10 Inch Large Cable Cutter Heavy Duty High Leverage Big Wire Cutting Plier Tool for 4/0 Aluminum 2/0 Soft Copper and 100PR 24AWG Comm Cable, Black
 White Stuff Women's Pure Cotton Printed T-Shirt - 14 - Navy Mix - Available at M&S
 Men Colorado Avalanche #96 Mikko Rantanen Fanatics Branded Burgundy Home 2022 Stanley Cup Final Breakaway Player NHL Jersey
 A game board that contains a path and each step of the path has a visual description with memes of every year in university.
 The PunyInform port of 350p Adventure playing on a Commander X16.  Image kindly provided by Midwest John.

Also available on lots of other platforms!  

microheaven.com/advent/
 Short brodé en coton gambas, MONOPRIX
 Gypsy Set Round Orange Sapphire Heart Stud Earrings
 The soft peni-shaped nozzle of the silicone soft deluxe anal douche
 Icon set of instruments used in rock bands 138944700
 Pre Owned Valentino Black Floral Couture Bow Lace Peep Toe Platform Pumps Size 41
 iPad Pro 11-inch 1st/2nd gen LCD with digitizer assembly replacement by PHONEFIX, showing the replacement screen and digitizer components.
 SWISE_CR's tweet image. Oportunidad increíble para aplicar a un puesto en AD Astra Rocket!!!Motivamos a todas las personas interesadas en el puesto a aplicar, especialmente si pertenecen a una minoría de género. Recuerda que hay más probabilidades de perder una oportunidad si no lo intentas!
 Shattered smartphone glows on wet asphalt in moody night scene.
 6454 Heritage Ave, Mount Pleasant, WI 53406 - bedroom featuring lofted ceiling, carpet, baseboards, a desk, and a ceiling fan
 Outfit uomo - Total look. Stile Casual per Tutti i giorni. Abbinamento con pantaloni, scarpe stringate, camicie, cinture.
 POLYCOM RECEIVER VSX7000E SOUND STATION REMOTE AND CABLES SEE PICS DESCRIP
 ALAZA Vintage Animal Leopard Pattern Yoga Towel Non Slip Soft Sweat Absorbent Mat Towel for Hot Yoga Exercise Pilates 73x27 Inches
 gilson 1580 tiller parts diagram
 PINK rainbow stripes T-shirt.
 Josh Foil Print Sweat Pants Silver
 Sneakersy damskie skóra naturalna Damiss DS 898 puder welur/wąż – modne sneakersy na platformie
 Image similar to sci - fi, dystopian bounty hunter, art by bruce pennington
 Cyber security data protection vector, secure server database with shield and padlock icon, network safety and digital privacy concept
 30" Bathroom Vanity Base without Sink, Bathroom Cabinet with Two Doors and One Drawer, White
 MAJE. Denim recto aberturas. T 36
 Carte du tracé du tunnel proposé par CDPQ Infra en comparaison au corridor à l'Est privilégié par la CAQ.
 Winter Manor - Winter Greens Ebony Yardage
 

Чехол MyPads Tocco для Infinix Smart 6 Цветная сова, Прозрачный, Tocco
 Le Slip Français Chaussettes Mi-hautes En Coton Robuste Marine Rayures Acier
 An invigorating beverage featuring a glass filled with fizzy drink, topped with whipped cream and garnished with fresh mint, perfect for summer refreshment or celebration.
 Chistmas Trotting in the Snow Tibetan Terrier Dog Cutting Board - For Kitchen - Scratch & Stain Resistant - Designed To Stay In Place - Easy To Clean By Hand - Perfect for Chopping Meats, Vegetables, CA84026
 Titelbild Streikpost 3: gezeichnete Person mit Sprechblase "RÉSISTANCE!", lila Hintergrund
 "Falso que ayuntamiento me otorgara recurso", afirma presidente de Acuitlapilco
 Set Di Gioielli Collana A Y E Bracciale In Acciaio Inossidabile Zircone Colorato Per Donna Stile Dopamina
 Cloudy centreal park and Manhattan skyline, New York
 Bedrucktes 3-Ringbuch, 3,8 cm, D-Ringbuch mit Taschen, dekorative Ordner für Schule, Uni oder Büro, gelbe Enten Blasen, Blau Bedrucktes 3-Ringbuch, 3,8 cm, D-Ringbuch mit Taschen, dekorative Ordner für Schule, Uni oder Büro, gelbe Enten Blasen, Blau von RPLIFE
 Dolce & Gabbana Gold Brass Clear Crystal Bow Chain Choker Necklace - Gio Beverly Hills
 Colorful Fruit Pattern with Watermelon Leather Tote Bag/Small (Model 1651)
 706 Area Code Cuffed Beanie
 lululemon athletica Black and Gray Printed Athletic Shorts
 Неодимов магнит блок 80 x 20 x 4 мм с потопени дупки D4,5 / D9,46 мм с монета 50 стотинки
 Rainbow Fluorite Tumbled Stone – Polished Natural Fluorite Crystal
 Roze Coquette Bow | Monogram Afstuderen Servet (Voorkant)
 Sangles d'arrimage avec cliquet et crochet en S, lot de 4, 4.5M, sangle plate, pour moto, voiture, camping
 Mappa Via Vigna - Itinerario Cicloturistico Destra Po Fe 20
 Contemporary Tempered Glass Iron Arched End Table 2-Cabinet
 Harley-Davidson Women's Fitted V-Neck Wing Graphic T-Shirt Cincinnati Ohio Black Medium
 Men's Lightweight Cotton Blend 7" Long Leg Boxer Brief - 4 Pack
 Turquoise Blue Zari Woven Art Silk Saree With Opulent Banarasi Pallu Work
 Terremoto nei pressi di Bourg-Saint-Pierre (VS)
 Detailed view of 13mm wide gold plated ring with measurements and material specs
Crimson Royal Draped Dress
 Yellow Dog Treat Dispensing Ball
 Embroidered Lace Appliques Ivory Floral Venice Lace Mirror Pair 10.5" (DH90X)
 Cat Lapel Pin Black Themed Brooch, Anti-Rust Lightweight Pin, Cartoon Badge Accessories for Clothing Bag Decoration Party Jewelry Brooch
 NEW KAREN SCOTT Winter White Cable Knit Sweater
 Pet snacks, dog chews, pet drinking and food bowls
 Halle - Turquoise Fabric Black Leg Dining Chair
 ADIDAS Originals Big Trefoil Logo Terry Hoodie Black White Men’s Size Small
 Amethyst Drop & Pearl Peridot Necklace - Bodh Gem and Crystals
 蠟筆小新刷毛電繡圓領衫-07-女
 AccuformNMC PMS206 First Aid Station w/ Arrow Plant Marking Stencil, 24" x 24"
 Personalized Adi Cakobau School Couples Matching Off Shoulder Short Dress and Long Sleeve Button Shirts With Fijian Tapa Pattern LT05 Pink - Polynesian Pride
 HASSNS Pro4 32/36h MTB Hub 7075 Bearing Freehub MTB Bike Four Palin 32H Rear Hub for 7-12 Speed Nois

-.-.-

Your goal :: Output the data exactly, in full.

Output for this task ::
10 Inch Large Cable Cutter Heavy Duty High Leverage Big Wire Cutting Plier Tool for 4/0 Aluminum 2/0 Soft Copper and 100PR 24AWG Comm Cable, Black
 White Stuff Women's Pure Cotton Printed T-Shirt - 14 - Navy Mix - Available at M&S
 Men Colorado Avalanche #96 Mikko Rantanen Fanatics Branded Burgundy Home 2022 Stanley Cup Final Breakaway Player NHL Jersey
 A game board that contains a path and each step of the path has a visual description with memes of every year in university.
 The PunyInform port of 350p Adventure playing on a Commander X16.  Image kindly provided by Midwest John.

Also available on lots of other platforms!  

microheaven.com/advent/
 Short brodé en coton gambas, MONOPRIX
 Gypsy Set Round Orange Sapphire Heart Stud Earrings
 The soft peni-shaped nozzle of the silicone soft deluxe anal douche
 Icon set of instruments used in rock bands 138944700
 Pre Owned Valentino Black Floral Couture Bow Lace Peep Toe Platform Pumps Size 41
 iPad Pro 11-inch 1st/2nd gen LCD with digitizer assembly replacement by PHONEFIX, showing the replacement screen and digitizer components.
 SWISE_CR's tweet image. Oportunidad increíble para aplicar a un puesto en AD Astra Rocket!!!Motivamos a todas las personas interesadas en el puesto a aplicar, especialmente si pertenecen a una minoría de género. Recuerda que hay más probabilidades de perder una oportunidad si no lo intentas!
 Shattered smartphone glows on wet asphalt in moody night scene.
 6454 Heritage Ave, Mount Pleasant, WI 53406 - bedroom featuring lofted ceiling, carpet, baseboards, a desk, and a ceiling fan
 Outfit uomo - Total look. Stile Casual per Tutti i giorni. Abbinamento con pantaloni, scarpe stringate, camicie, cinture.
 POLYCOM RECEIVER VSX7000E SOUND STATION REMOTE AND CABLES SEE PICS DESCRIP
 ALAZA Vintage Animal Leopard Pattern Yoga Towel Non Slip Soft Sweat Absorbent Mat Towel for Hot Yoga Exercise Pilates 73x27 Inches
 gilson 1580 tiller parts diagram
 PINK rainbow stripes T-shirt.
 Josh Foil Print Sweat Pants Silver
 Sneakersy damskie skóra naturalna Damiss DS 898 puder welur/wąż – modne sneakersy na platformie
 Image similar to sci - fi, dystopian bounty hunter, art by bruce pennington
 Cyber security data protection vector, secure server database with shield and padlock icon, network safety and digital privacy concept
 30" Bathroom Vanity Base without Sink, Bathroom Cabinet with Two Doors and One Drawer, White
 MAJE. Denim recto aberturas. T 36
 Carte du tracé du tunnel proposé par CDPQ Infra en comparaison au corridor à l'Est privilégié par la CAQ.
 Winter Manor - Winter Greens Ebony Yardage
 

Чехол MyPads Tocco для Infinix Smart 6 Цветная сова, Прозрачный, Tocco
 Le Slip Français Chaussettes Mi-hautes En Coton Robuste Marine Rayures Acier
 An invigorating beverage featuring a glass filled with fizzy drink, topped with whipped cream and garnished with fresh mint, perfect for summer refreshment or celebration.
 Chistmas Trotting in the Snow Tibetan Terrier Dog Cutting Board - For Kitchen - Scratch & Stain Resistant - Designed To Stay In Place - Easy To Clean By Hand - Perfect for Chopping Meats, Vegetables, CA84026
 Titelbild Streikpost 3: gezeichnete Person mit Sprechblase "RÉSISTANCE!", lila Hintergrund
 "Falso que ayuntamiento me otorgara recurso", afirma presidente de Acuitlapilco
 Set Di Gioielli Collana A Y E Bracciale In Acciaio Inossidabile Zircone Colorato Per Donna Stile Dopamina
 Cloudy centreal park and Manhattan skyline, New York
 Bedrucktes 3-Ringbuch, 3,8 cm, D-Ringbuch mit Taschen, dekorative Ordner für Schule, Uni oder Büro, gelbe Enten Blasen, Blau Bedrucktes 3-Ringbuch, 3,8 cm, D-Ringbuch mit Taschen, dekorative Ordner für Schule, Uni oder Büro, gelbe Enten Blasen, Blau von RPLIFE
 Dolce & Gabbana Gold Brass Clear Crystal Bow Chain Choker Necklace - Gio Beverly Hills
 Colorful Fruit Pattern with Watermelon Leather Tote Bag/Small (Model 1651)
 706 Area Code Cuffed Beanie
 lululemon athletica Black and Gray Printed Athletic Shorts
 Неодимов магнит блок 80 x 20 x 4 мм с потопени дупки D4,5 / D9,46 мм с монета 50 стотинки
 Rainbow Fluorite Tumbled Stone – Polished Natural Fluorite Crystal
 Roze Coquette Bow | Monogram Afstuderen Servet (Voorkant)
 Sangles d'arrimage avec cliquet et crochet en S, lot de 4, 4.5M, sangle plate, pour moto, voiture, camping
 Mappa Via Vigna - Itinerario Cicloturistico Destra Po Fe 20
 Contemporary Tempered Glass Iron Arched End Table 2-Cabinet
 Harley-Davidson Women's Fitted V-Neck Wing Graphic T-Shirt Cincinnati Ohio Black Medium
 Men's Lightweight Cotton Blend 7" Long Leg Boxer Brief - 4 Pack
 Turquoise Blue Zari Woven Art Silk Saree With Opulent Banarasi Pallu Work
 Terremoto nei pressi di Bourg-Saint-Pierre (VS)
 Detailed view of 13mm wide gold plated ring with measurements and material specs
Crimson Royal Draped Dress
 Yellow Dog Treat Dispensing Ball
 Embroidered Lace Appliques Ivory Floral Venice Lace Mirror Pair 10.5" (DH90X)
 Cat Lapel Pin Black Themed Brooch, Anti-Rust Lightweight Pin, Cartoon Badge Accessories for Clothing Bag Decoration Party Jewelry Brooch
 NEW KAREN SCOTT Winter White Cable Knit Sweater
 Pet snacks, dog chews, pet drinking and food bowls
 Halle - Turquoise Fabric Black Leg Dining Chair
 ADIDAS Originals Big Trefoil Logo Terry Hoodie Black White Men’s Size Small
 Amethyst Drop & Pearl Peridot Necklace - Bodh Gem and Crystals
 蠟筆小新刷毛電繡圓領衫-07-女
 AccuformNMC PMS206 First Aid Station w/ Arrow Plant Marking Stencil, 24" x 24"
 Personalized Adi Cakobau School Couples Matching Off Shoulder Short Dress and Long Sleeve Button Shirts With Fijian Tapa Pattern LT05 Pink - Polynesian Pride
 HASSNS Pro4 32/36h MTB Hub 7075 Bearing Freehub MTB Bike Four Palin 32H Rear Hub for 7-12 Speed Nois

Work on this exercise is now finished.